> **Input**

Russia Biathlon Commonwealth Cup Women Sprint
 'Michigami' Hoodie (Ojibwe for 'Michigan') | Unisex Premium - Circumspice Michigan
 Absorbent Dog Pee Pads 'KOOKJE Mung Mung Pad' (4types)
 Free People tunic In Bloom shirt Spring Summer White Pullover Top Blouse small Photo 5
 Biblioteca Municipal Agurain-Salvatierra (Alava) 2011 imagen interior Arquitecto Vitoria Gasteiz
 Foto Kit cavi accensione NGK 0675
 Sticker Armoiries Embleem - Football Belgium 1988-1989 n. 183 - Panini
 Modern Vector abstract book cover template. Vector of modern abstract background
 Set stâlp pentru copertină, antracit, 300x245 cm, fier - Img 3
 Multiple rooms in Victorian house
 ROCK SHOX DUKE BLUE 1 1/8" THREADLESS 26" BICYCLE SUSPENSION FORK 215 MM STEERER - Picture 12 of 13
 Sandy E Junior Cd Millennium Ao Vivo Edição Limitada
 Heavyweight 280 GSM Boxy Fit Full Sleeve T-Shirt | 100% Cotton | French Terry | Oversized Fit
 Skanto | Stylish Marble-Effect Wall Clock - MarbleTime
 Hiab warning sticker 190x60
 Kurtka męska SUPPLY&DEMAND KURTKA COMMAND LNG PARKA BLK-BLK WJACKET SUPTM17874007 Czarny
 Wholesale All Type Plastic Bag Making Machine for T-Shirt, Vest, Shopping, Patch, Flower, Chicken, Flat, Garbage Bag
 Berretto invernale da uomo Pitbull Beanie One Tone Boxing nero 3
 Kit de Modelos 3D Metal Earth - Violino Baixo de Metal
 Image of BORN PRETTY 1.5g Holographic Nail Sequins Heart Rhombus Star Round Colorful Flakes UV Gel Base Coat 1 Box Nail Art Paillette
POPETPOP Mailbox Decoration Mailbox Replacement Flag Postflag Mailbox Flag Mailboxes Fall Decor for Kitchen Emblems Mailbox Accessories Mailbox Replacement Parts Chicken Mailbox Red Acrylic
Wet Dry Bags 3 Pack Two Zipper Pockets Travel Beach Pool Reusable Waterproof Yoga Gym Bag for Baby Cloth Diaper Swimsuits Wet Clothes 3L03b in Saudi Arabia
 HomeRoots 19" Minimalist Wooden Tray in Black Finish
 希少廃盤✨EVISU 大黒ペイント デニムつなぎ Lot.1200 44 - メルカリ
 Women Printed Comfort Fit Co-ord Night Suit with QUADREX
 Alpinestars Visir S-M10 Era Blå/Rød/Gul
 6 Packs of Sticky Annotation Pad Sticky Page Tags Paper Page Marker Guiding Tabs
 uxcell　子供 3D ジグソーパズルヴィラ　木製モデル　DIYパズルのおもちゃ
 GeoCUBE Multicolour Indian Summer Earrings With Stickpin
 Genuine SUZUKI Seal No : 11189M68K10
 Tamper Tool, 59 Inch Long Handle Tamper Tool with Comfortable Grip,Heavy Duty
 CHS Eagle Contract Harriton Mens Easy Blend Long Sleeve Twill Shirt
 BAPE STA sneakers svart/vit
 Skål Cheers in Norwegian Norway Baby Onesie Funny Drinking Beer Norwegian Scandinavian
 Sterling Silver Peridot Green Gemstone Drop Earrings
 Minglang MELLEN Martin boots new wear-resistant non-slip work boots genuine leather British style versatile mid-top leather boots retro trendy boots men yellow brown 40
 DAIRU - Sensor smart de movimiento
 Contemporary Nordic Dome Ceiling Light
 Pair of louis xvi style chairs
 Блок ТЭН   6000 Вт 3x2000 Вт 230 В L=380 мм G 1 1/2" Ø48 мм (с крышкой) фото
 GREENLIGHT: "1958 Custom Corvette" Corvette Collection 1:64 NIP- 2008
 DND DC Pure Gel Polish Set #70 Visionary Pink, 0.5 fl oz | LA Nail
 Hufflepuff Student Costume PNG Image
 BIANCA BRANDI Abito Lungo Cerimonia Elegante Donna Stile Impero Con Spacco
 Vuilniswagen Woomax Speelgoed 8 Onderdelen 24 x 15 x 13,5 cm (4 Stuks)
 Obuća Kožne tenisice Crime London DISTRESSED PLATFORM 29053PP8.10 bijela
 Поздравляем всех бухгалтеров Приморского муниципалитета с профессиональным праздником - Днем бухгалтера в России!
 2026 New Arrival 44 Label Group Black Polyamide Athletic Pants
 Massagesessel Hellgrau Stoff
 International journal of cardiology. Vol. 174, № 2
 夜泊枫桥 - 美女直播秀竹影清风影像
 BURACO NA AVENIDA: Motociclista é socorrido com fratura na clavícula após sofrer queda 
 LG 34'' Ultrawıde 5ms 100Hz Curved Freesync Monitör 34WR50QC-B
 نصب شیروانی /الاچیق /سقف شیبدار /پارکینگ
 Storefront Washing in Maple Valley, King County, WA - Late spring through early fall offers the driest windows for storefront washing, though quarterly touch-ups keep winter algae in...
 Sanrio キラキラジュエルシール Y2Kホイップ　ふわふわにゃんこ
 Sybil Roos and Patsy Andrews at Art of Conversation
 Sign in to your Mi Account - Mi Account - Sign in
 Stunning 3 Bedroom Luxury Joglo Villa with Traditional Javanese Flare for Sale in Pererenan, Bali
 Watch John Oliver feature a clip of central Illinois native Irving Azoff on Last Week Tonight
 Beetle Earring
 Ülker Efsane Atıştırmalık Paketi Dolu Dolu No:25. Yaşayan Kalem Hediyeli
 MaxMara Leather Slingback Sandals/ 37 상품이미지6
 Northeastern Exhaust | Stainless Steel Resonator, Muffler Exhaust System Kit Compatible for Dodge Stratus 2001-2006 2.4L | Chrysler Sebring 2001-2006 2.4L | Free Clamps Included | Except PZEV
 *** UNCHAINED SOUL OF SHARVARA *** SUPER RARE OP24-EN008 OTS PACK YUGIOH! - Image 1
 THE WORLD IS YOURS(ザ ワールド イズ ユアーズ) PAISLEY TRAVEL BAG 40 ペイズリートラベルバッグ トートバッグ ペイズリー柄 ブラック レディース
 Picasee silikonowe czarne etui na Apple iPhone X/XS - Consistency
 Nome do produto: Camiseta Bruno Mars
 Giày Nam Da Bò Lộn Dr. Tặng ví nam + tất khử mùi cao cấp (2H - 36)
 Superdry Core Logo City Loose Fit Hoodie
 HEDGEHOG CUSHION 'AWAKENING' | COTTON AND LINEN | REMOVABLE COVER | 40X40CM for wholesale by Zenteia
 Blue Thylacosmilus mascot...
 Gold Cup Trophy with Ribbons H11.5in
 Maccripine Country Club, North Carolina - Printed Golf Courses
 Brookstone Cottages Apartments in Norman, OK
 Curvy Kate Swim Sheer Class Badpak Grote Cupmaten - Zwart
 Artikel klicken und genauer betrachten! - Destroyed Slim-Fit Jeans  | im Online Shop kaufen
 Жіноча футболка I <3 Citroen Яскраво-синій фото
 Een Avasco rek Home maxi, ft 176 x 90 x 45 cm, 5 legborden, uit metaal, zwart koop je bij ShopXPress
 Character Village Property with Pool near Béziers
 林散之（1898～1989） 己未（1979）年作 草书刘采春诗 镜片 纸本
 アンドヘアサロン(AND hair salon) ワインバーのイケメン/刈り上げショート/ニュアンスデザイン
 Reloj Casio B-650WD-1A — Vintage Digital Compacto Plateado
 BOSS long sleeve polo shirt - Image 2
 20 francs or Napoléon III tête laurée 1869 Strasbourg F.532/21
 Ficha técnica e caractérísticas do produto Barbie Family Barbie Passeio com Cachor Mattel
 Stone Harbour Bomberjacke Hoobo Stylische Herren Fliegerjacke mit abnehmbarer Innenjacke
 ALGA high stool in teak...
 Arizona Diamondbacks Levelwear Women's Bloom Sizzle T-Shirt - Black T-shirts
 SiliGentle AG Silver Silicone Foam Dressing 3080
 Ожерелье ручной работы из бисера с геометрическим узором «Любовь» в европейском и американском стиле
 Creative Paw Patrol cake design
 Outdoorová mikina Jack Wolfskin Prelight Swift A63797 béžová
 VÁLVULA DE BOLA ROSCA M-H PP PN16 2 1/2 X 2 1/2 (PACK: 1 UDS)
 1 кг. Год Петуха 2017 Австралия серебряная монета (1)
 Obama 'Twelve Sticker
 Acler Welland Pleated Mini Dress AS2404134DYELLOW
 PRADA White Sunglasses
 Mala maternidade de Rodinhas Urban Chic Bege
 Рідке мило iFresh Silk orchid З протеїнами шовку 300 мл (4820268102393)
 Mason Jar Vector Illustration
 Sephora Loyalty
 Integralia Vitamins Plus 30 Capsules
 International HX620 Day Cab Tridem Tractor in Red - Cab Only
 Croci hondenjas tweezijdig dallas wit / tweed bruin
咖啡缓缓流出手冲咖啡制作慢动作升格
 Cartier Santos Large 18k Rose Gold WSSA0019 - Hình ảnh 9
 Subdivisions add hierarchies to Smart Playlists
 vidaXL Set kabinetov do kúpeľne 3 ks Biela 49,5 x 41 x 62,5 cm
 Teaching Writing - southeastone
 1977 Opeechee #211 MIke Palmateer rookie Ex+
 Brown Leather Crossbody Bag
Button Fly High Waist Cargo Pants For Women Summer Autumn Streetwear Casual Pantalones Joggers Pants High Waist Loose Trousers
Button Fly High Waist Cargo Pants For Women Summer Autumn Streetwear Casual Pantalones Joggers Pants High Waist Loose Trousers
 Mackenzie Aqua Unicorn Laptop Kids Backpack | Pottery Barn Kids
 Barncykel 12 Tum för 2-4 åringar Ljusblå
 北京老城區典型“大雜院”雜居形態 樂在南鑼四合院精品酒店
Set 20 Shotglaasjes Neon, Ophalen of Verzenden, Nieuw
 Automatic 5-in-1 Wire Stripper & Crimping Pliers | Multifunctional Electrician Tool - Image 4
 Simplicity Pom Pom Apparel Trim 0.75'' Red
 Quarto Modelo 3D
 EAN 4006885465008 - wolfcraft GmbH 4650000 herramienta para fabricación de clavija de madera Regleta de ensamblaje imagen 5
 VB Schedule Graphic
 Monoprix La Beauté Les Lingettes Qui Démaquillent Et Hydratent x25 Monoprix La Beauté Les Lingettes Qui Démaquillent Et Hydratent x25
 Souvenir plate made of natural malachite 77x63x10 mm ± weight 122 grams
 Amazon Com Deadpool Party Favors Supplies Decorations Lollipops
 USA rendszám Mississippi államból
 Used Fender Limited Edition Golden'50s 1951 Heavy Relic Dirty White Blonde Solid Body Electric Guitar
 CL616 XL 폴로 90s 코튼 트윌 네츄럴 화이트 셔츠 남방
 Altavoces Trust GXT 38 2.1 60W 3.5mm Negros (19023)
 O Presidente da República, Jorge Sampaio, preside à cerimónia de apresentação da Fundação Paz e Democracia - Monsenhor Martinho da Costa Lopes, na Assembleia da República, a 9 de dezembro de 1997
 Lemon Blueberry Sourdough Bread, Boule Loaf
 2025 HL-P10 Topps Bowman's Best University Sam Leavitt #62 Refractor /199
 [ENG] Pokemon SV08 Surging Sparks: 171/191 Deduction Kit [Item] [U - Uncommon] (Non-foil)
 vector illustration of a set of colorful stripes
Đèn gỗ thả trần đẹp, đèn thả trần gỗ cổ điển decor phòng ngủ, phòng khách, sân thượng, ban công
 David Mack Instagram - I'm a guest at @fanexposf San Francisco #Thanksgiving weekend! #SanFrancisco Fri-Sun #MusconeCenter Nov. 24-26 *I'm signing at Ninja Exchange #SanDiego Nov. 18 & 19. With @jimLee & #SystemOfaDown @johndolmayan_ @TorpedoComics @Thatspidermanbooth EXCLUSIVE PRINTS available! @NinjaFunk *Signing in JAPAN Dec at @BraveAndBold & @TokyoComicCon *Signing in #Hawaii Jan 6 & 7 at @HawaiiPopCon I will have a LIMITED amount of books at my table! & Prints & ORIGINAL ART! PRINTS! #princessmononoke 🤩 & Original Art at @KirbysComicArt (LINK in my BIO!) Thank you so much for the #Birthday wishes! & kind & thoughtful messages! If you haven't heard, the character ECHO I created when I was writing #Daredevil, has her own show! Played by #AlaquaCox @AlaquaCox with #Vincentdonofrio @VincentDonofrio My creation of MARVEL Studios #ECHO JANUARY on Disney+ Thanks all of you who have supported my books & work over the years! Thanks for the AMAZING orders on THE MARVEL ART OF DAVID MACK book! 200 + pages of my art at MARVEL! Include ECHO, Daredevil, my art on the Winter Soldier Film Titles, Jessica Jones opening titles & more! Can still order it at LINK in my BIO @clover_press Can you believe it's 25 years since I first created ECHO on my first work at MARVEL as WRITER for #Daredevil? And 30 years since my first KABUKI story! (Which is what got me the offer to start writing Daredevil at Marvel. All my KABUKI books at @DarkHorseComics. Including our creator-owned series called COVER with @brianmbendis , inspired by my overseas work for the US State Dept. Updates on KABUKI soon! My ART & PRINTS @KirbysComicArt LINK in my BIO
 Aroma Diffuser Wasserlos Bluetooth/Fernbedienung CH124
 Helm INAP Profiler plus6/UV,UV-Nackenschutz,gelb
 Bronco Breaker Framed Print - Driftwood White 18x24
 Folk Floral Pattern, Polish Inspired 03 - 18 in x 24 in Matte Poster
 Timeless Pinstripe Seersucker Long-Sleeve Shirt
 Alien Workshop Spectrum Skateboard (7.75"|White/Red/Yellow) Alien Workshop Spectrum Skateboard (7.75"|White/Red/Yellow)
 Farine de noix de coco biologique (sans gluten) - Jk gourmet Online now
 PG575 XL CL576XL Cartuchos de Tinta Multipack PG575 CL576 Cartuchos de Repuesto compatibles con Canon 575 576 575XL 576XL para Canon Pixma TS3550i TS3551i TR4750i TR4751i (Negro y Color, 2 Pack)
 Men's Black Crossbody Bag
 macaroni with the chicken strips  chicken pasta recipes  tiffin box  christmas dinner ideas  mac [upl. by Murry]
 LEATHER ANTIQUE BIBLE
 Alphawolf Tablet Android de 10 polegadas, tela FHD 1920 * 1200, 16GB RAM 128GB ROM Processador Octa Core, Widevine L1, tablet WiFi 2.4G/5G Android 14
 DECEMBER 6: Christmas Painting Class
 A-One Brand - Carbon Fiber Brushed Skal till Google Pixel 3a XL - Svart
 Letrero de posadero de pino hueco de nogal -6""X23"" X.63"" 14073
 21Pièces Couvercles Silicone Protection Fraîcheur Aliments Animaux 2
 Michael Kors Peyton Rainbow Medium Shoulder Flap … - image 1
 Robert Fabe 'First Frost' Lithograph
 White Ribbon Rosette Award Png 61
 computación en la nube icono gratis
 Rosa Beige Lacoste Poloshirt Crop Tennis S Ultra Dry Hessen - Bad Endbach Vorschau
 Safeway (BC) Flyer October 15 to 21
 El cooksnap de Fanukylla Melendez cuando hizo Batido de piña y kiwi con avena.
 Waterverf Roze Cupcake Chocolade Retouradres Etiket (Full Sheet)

> **About this exercise**
In the listing above, locate the line containing "Tamper Tool, 59" and the line containing "Contemporary Nordic Dome Ceiling Light". Transcribe those two lines and everything between them, exactly as written.

> **Exercise response**
 Tamper Tool, 59 Inch Long Handle Tamper Tool with Comfortable Grip,Heavy Duty
 CHS Eagle Contract Harriton Mens Easy Blend Long Sleeve Twill Shirt
 BAPE STA sneakers svart/vit
 Skål Cheers in Norwegian Norway Baby Onesie Funny Drinking Beer Norwegian Scandinavian
 Sterling Silver Peridot Green Gemstone Drop Earrings
 Minglang MELLEN Martin boots new wear-resistant non-slip work boots genuine leather British style versatile mid-top leather boots retro trendy boots men yellow brown 40
 DAIRU - Sensor smart de movimiento
 Contemporary Nordic Dome Ceiling Light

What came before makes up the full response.